Sharon Pike, who has a learning disability and was supported into employment by Mencap said:
“I work 4 days a week at a care home for older people in South London. I love my job, it is very rewarding. I got the job with the help of Mencap’s Employment Services. I had been unemployed for a while but I wanted to come off jobseekers and be independent.
“Mencap helped me to get into care work by supporting me to complete an NVQ level 2 qualification in Health and Social Care. Mencap worked with the college to make sure the course was accessible and to make sure I had the support I needed for the course. While I was studying for the NVQ I got a placement at the care home.
“The placement went really well and when the Care Home needed more full-time staff I applied and got the job! I’ve now been working there for over 5 years and I love it! I want to take my NVQ Level 3 now and build my career for the future”
Further results of the survey include:
- 79% agreed that having a disabled employee helps a company to understand its disabled customers or clients
- 23% felt their colleagues would not be happy working with somebody with a learning disability
- 30% of respondents who have employed somebody with a learning disability and 45% who have not were concerned it might be more difficult for members of public to deal with members of staff with a learning disability
- Only 16% of respondents felt the government would be successful in halving the disability employment gap
- Almost half (46%) of representatives acknowledged that their organisation’s job descriptions, adverts and application forms are not easy for somebody with a learning disability to read and fill in
- 46% worried there was extra work involved in recruiting and managing someone with a learning disability
- 72% believed people with a learning disability are able to work in their workforce.
For further information or to arrange interviews, please contact the Mencap press office on 020 7696 5414 or email@example.com.
About Inclusive Employers
Inclusive Employers is a membership organisation which, through campaigns, initiatives, training and consultancy helps employers develop an inclusive workplace, avoid the pitfalls of discrimination and maximize the potential of all employees in order be more successful.

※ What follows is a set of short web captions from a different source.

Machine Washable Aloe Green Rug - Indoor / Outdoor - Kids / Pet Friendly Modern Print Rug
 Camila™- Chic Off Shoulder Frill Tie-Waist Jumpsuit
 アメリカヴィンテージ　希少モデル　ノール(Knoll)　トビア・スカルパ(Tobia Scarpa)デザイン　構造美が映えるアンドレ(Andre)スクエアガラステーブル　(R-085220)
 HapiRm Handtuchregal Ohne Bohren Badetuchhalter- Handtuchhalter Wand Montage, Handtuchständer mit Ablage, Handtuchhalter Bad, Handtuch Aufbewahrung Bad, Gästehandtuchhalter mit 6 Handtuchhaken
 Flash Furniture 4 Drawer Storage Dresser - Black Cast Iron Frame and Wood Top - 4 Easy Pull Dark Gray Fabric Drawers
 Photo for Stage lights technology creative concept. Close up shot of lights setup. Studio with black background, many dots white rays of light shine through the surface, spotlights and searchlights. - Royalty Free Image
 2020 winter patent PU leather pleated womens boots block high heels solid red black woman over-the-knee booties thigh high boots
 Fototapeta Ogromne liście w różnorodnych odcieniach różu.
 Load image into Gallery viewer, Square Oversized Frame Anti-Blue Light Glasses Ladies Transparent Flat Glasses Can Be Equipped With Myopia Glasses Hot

There are 1.4 million people with a learning disability in the UK. Mencap works to support people with a learning disability, their families and carers by fighting to change laws, improve services and access to education, employment and leisure facilities.
Mencap supports thousands of people with a learning disability to live their lives the way they want.
For advice and information about learning disability and Mencap services in your area, contact Mencap Direct on 0808 808 1111 (9am-5pm, Monday-Friday) or email firstname.lastname@example.org
What is a learning disability?
A learning disability is a reduced intellectual ability which can cause problems with everyday tasks – for example shopping and cooking, or travelling to new places – which affects someone for their whole life.
People with a learning disability can take longer to learn new things and may need support to develop new skills, understand difficult information and engage with other people. The level of support someone needs is different with every individual. For example, someone with a severe learning disability might need much more support with daily tasks than someone with a mild learning disability.
Learning disability is not a mental illness or a learning difficulty. Very often the term ‘learning difficulty’ is wrongly used interchangeably with ‘learning disability’.